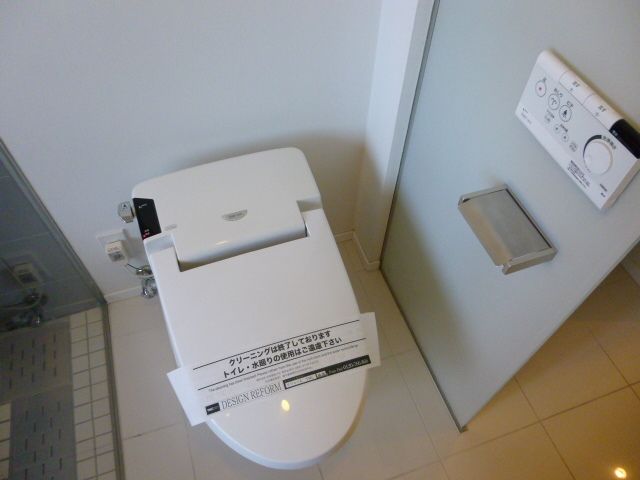 トイレ　落ち着いた色調のトイレです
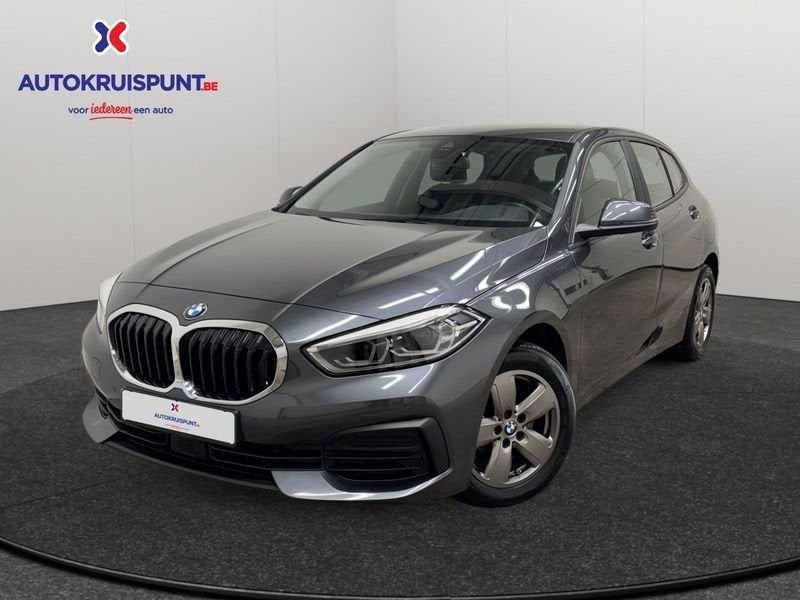 BMW Série 1 118i AUT Carplay Sfeerverlichting, Auto's, Gebruikt, 136 pk, https://public.car-pass.be/vhr/fa4f5c14-0930-43ec-89cf-3784ec6ec0fa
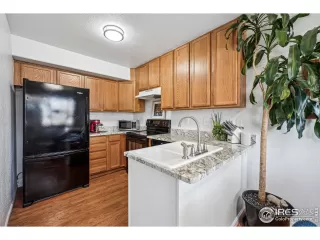 Photo #5: 1027198 Listing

━━━━

*Your goal*: The whole listing above must be duplicated word for word, apart from its pictures.

*Solved problem*:
 トイレ　落ち着いた色調のトイレです
 BMW Série 1 118i AUT Carplay Sfeerverlichting, Auto's, Gebruikt, 136 pk, https://public.car-pass.be/vhr/fa4f5c14-0930-43ec-89cf-3784ec6ec0fa
 Photo #5: 1027198 Listing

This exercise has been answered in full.